● **WORK ITEM**
Look below for the line with "Fugitivos do presídio"; begin the copy there and stop after the line with "Survey Software Help Image", keeping the text exact and the pictures out.

● **DATASET**

>>

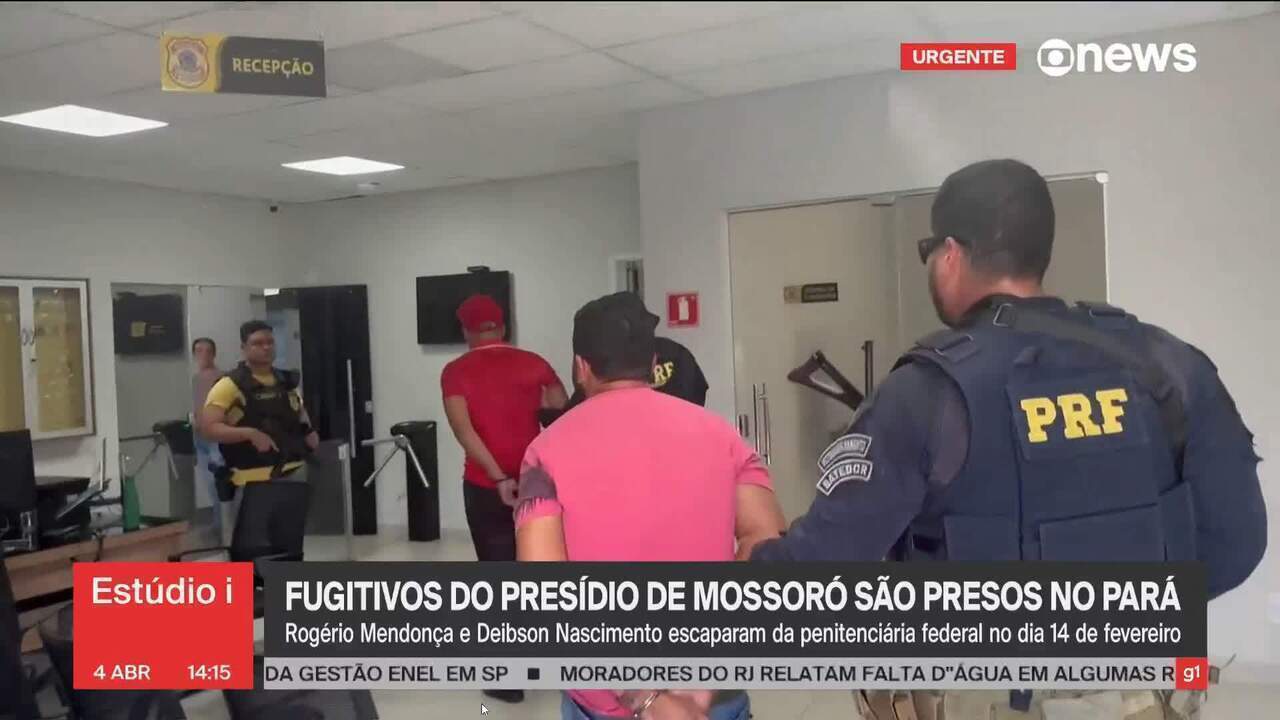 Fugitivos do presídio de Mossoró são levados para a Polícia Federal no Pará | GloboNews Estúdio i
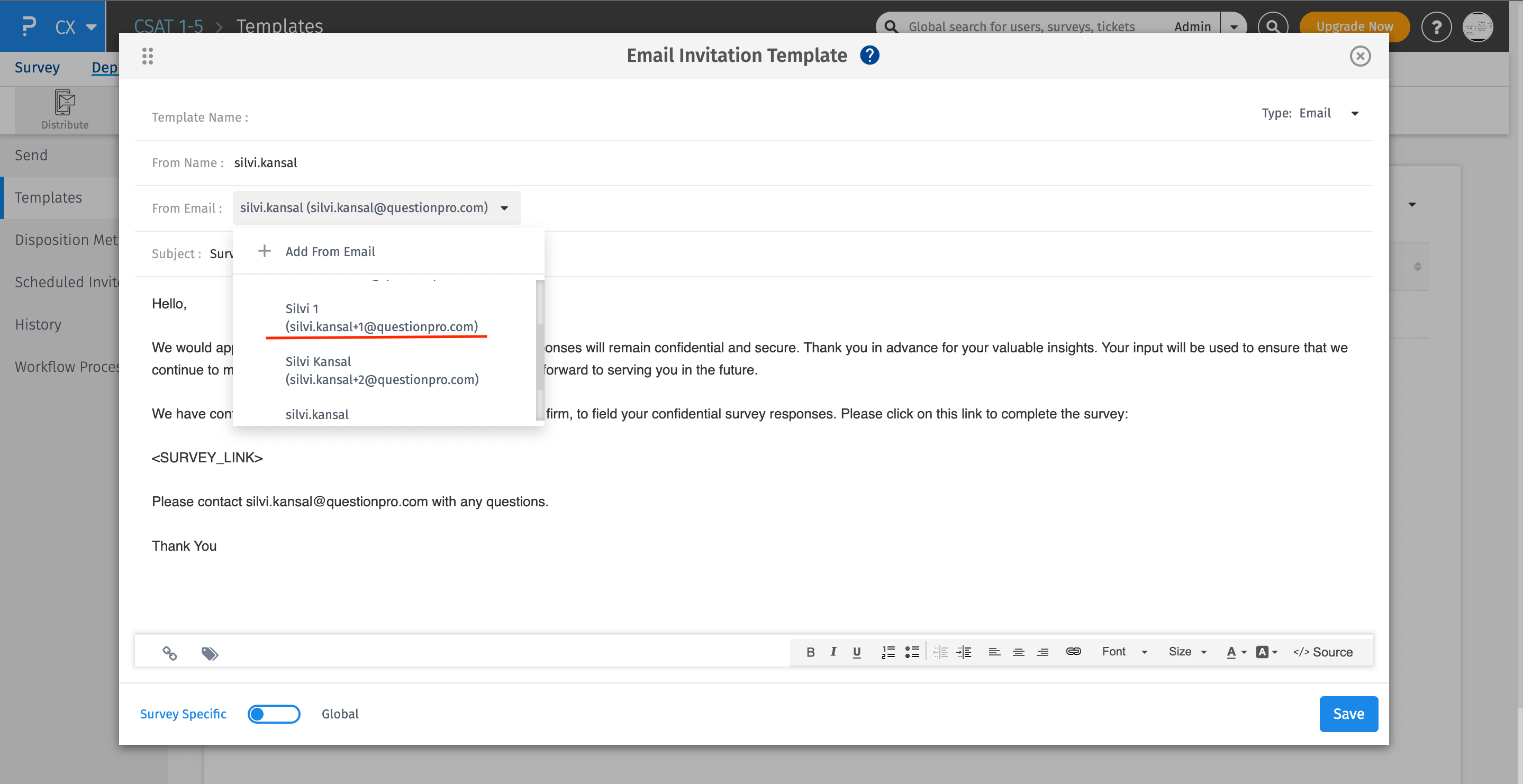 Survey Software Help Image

<<
>>

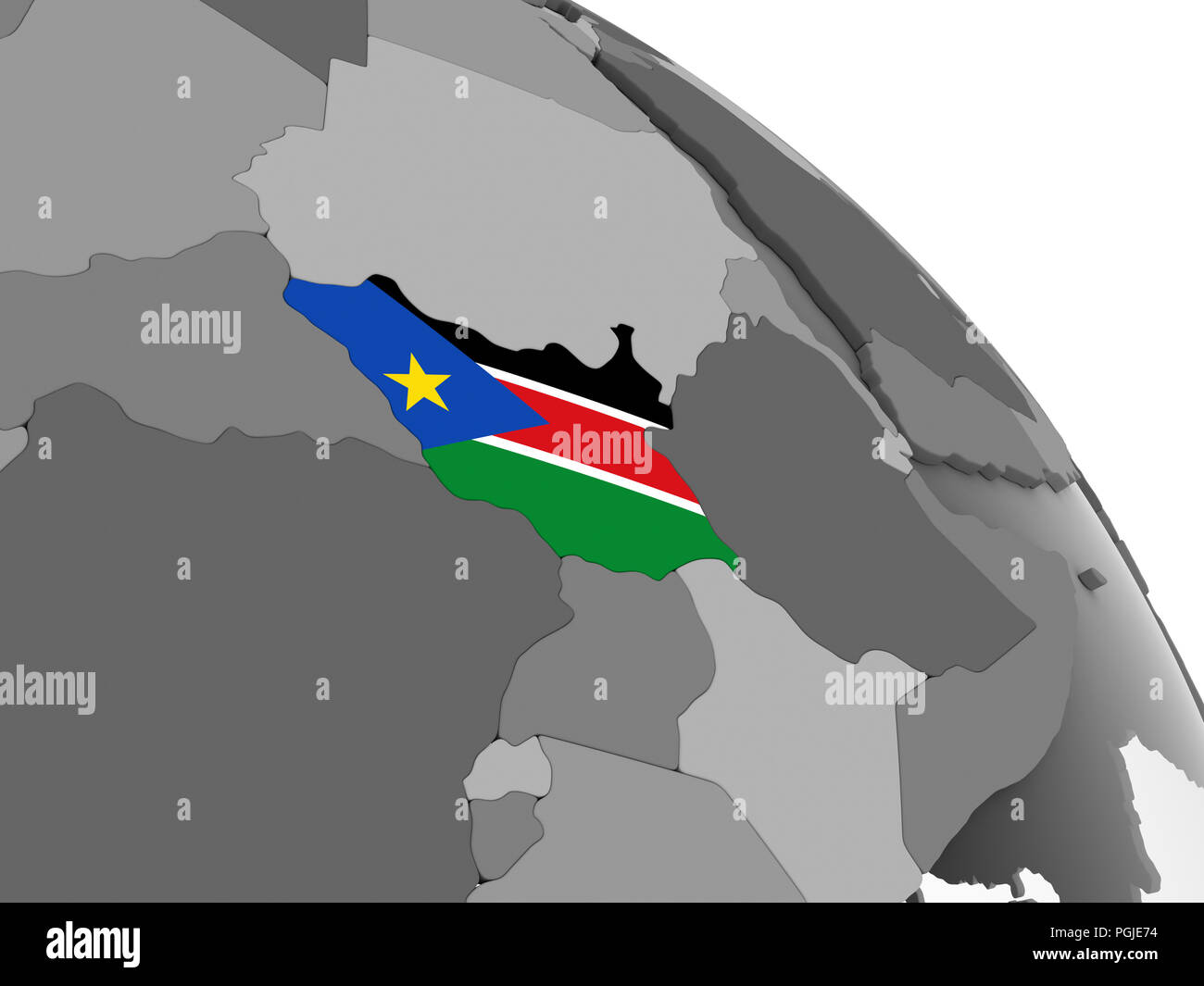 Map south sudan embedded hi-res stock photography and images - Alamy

<<

● **RESULT FOR THIS TASK**
 Fugitivos do presídio de Mossoró são levados para a Polícia Federal no Pará | GloboNews Estúdio i
 Survey Software Help Image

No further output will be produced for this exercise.